The municipality is seeking contractors to upgrade the spillway and west dike at Oak Lake Dam, which holds back Oak Lake in the Assiniboine River watershed. The project is listed on the Manitoba government's procurement portal. Construction costs and funding sources have not been publicly disclosed.
The work fits a pattern playing out across the Prairies. Most of the region's dams and dikes were built in the 1950s through 1970s under federal-provincial rural water programs, and many are now 50 to 70 years old. When the federal Prairie Farm Rehabilitation Administration wound down in 2009, provinces and municipalities were left managing structures that were never designed to last this long or handle what the climate now throws at them.
Major Manitoba/Assiniboine basin flood events, 1997–2022
Source: NationGraph.
Manitoba has had a hard education in what happens when those structures fail. The 2011 Assiniboine River flood caused roughly $1.2 billion in damages across the basin, with spillway releases and dike failures sending water into homes and farmland across southwestern Manitoba. Oak Lake sits squarely in that same basin, and nearby communities saw highway closures and overland flooding during both the 2011 and 2014 events.
Updated Canadian Dam Association safety guidelines have required owners of older structures to test their spillways against larger design floods than the originals were built for. Many don't pass. A spillway that cannot safely pass a revised design flood, or a dike showing settlement or seepage, is a classic finding when engineers review mid-century Prairie infrastructure.
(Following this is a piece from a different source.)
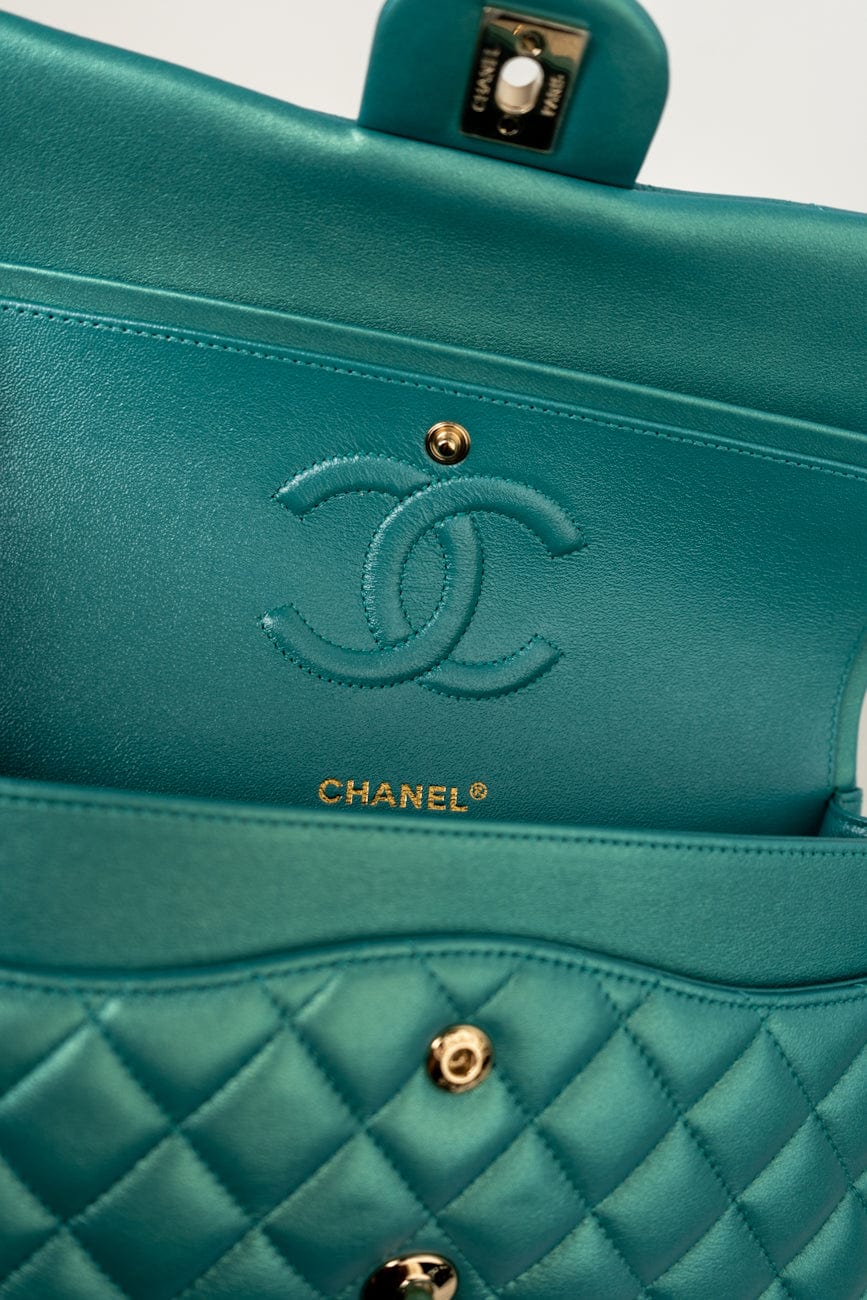 21S Iridescent Green Lambskin Quilted Classic Flap Medium LGHW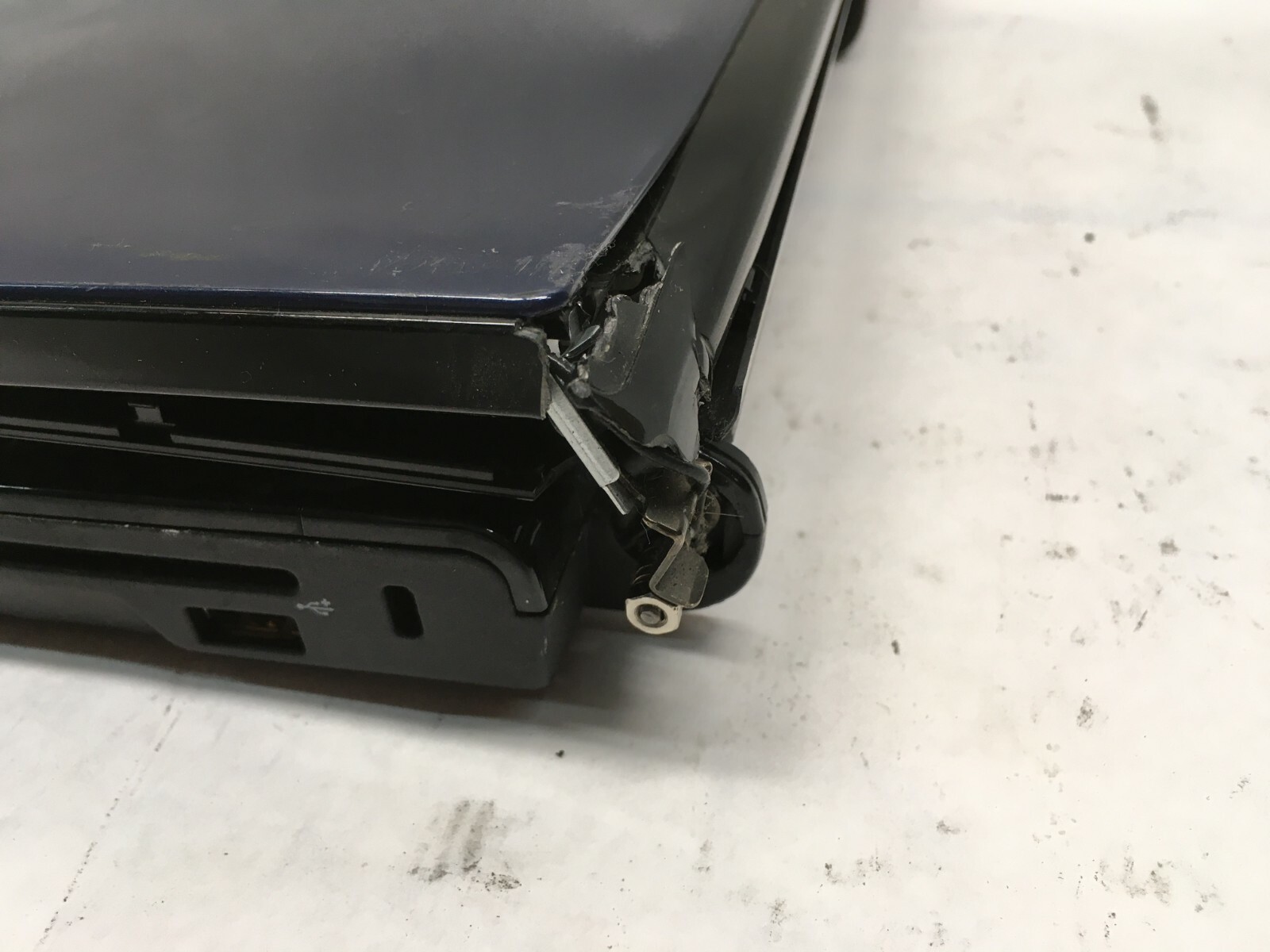 Dell Inspiron 1318 Laptop For Parts/Repair Broken LCD Screen/Hinges NO HDD JR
For Sifton, a municipality of roughly 1,400 people with an annual budget in the low single-digit millions, a dam project of this scale almost certainly requires provincial or federal cost-sharing. Neither the municipality nor provincial officials have announced funding partners.
Oak Lake is also a regional recreation hub, with cottages, a beach and fishing that depend on stable lake levels. The dam matters both for flood protection downstream and for the local economy upstream.
With the solicitation now open, the municipality will select a contractor and move toward construction, though a timeline has not been made public.